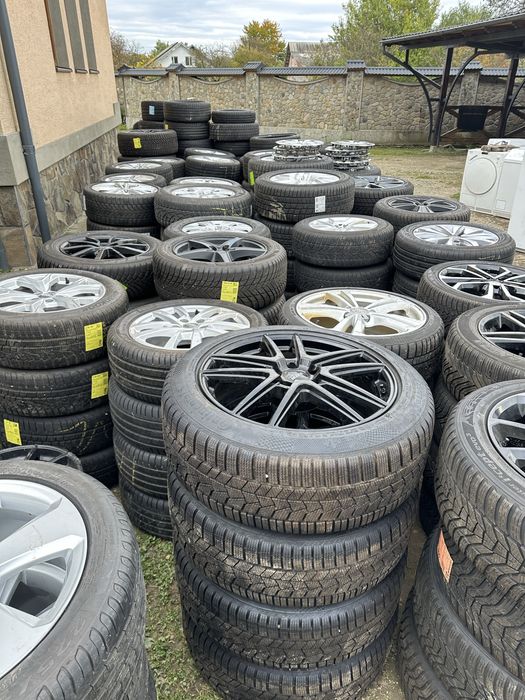 Диски з резиною з Європи! Готові до сезону!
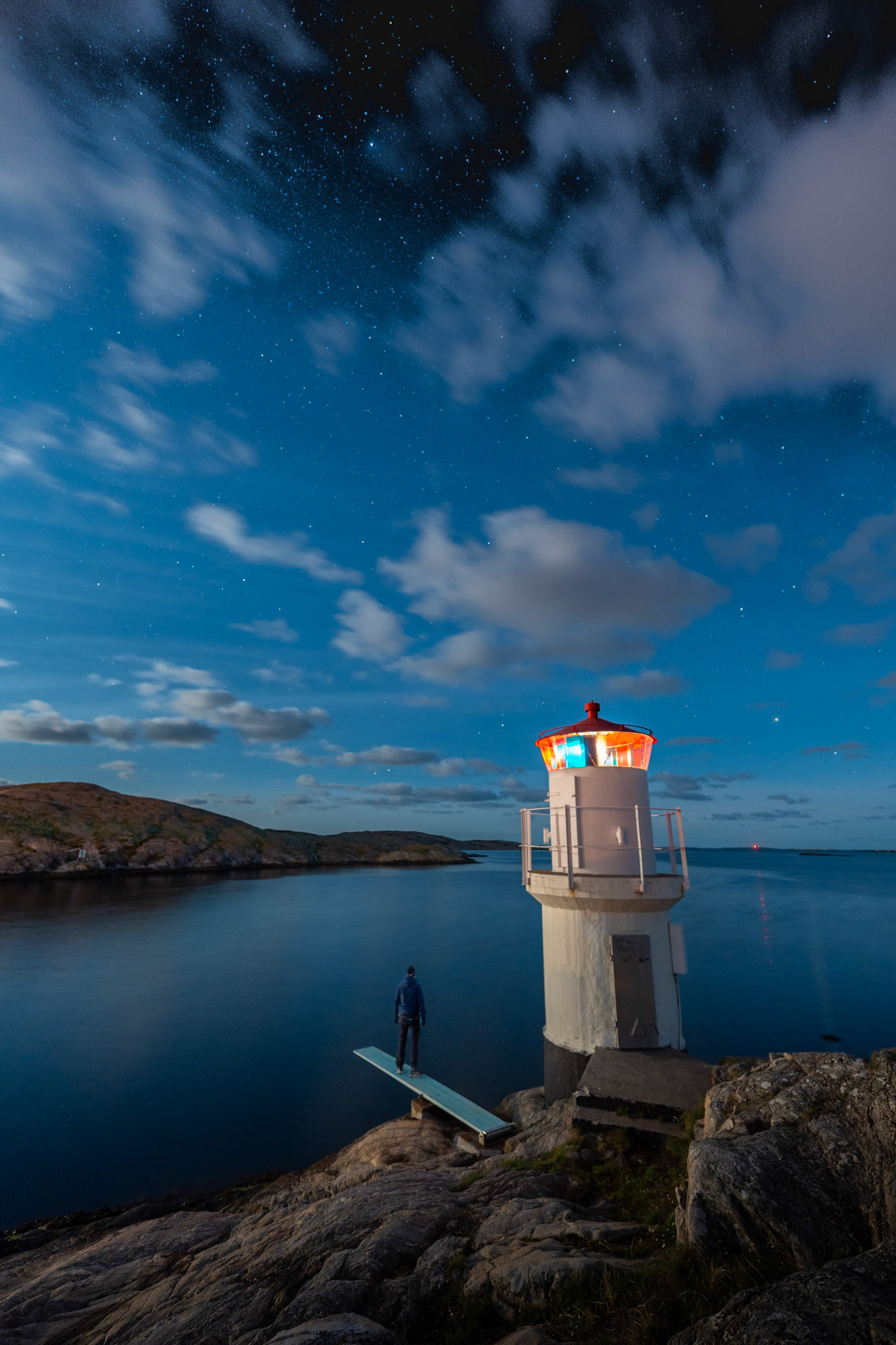 Mollösunds lighthouse
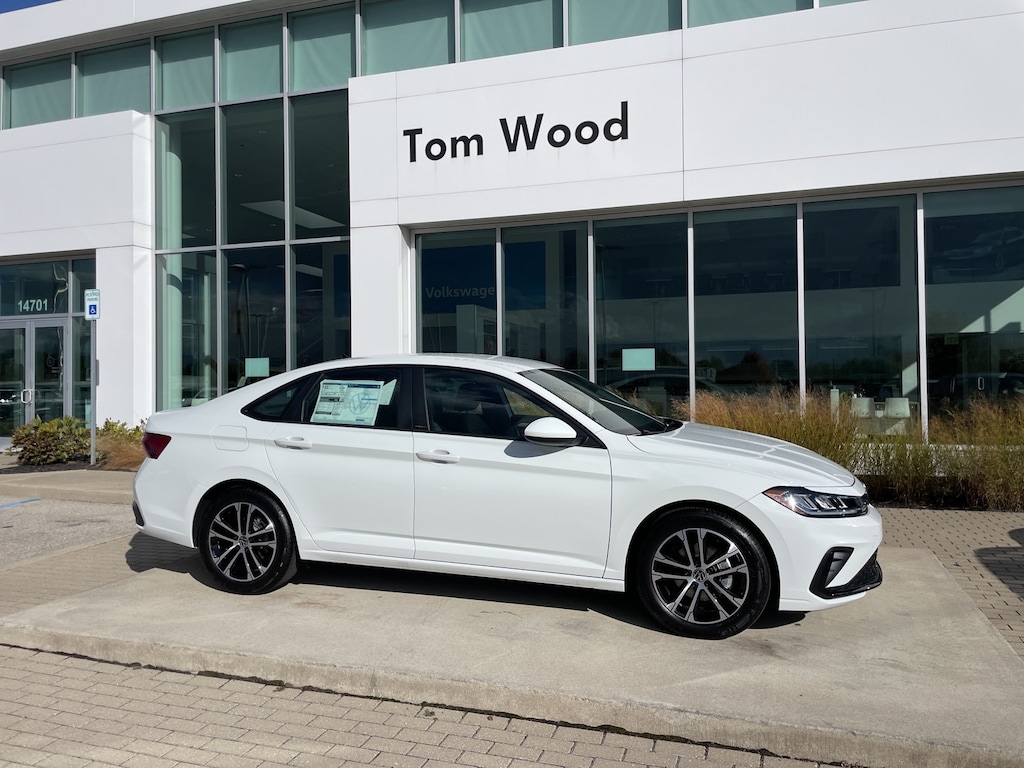 New 2026 Volkswagen Jetta Sport Auto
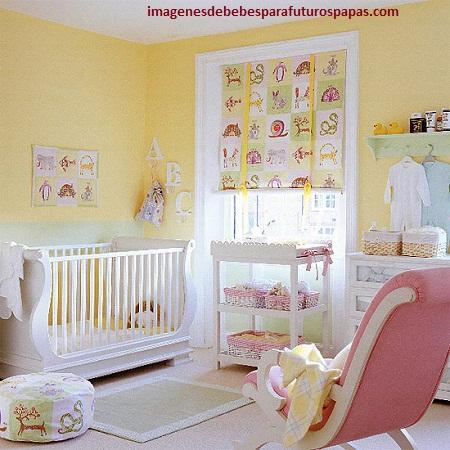 decoracion de cuartos para bebes mujeres modernas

§ Directions for this task
Copy exactly, please, every line from the one holding "New 2026 Volkswagen Jetta Sport Auto" through the last line of the data, both ends included, and no pictures.

§ Answer section
 New 2026 Volkswagen Jetta Sport Auto
 decoracion de cuartos para bebes mujeres modernas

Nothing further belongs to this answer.